Records from a dataset
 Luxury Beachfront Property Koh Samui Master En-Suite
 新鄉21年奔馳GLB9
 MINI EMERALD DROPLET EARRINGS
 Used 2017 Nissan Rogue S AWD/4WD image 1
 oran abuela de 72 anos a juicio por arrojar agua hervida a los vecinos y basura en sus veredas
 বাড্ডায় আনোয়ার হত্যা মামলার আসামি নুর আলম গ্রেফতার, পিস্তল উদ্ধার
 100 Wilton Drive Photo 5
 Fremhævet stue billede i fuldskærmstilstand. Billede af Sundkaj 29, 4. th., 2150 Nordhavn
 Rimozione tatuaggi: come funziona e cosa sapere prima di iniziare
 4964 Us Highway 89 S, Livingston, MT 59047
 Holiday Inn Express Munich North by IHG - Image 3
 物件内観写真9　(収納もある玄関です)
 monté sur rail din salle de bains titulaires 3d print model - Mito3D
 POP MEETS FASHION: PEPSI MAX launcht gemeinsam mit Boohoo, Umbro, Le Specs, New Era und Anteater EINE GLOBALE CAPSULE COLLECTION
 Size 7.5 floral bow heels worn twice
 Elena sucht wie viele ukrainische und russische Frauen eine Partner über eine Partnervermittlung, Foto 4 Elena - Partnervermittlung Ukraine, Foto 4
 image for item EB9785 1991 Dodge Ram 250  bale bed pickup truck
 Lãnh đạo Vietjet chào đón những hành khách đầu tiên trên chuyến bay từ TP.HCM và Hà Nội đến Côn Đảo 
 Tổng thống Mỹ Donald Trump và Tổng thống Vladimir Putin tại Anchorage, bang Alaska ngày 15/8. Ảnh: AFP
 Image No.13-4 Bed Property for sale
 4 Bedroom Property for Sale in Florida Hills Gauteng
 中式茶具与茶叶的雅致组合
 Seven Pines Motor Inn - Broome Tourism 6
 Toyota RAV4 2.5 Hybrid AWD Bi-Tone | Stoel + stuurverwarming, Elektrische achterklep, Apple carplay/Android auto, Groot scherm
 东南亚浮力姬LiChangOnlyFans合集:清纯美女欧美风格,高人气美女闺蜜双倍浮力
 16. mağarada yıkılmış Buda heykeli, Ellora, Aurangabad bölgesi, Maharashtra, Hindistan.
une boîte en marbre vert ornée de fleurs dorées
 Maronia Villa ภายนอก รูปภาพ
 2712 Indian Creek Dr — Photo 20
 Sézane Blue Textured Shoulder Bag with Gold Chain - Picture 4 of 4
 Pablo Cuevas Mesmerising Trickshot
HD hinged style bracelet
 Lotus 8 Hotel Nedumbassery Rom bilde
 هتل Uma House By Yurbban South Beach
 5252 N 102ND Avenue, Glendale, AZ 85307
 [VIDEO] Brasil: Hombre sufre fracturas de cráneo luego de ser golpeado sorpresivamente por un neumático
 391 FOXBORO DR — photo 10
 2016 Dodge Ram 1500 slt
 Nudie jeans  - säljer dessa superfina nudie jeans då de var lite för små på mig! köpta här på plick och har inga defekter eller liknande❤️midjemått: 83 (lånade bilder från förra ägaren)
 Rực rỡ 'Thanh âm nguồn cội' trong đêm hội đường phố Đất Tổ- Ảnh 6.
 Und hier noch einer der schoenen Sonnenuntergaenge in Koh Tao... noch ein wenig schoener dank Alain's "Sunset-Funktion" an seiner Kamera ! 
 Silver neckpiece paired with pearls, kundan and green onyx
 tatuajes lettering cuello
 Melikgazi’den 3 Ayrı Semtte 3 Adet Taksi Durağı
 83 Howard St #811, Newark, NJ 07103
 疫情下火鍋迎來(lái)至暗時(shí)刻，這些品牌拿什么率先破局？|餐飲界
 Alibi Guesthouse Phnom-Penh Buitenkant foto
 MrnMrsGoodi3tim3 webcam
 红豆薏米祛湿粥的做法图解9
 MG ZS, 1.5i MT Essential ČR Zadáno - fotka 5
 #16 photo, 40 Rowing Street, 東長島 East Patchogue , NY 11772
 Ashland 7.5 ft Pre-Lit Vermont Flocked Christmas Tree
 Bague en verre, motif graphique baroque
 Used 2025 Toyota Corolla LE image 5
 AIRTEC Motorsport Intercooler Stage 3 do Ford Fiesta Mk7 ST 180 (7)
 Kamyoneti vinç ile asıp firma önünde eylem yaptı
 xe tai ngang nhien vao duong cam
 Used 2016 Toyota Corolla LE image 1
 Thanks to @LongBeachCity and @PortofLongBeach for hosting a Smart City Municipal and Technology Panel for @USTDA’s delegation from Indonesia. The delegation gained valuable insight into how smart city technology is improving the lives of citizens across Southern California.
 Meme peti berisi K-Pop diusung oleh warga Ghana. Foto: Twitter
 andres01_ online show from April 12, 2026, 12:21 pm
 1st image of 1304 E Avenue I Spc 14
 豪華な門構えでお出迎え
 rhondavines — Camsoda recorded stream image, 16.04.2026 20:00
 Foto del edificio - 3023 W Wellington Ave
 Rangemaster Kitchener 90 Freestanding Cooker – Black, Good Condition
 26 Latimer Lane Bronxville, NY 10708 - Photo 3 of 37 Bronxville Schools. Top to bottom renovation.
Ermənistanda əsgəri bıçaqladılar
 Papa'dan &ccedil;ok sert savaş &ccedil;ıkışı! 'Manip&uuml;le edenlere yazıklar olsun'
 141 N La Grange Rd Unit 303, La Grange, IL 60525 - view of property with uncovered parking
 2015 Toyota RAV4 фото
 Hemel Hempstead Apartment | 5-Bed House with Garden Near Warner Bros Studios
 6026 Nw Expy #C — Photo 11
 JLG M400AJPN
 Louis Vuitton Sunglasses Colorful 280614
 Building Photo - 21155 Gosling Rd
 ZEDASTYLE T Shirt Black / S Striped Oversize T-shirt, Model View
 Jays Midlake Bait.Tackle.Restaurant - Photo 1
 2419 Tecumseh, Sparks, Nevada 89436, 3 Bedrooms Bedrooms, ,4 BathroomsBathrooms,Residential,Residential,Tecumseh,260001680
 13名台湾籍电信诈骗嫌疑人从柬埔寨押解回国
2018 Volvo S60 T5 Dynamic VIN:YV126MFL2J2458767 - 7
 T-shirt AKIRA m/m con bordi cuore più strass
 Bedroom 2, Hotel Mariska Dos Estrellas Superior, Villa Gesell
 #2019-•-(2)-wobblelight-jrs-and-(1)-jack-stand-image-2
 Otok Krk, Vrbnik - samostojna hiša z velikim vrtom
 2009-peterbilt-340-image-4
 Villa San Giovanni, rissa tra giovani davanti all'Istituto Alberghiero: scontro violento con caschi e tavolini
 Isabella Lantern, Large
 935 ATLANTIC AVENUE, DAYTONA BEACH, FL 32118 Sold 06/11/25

- THE TASK:
Where a line in the entries holds the word "Corolla", copy that line.

- SOLUTION FOR THIS EXERCISE:
 Used 2025 Toyota Corolla LE image 5
 Used 2016 Toyota Corolla LE image 1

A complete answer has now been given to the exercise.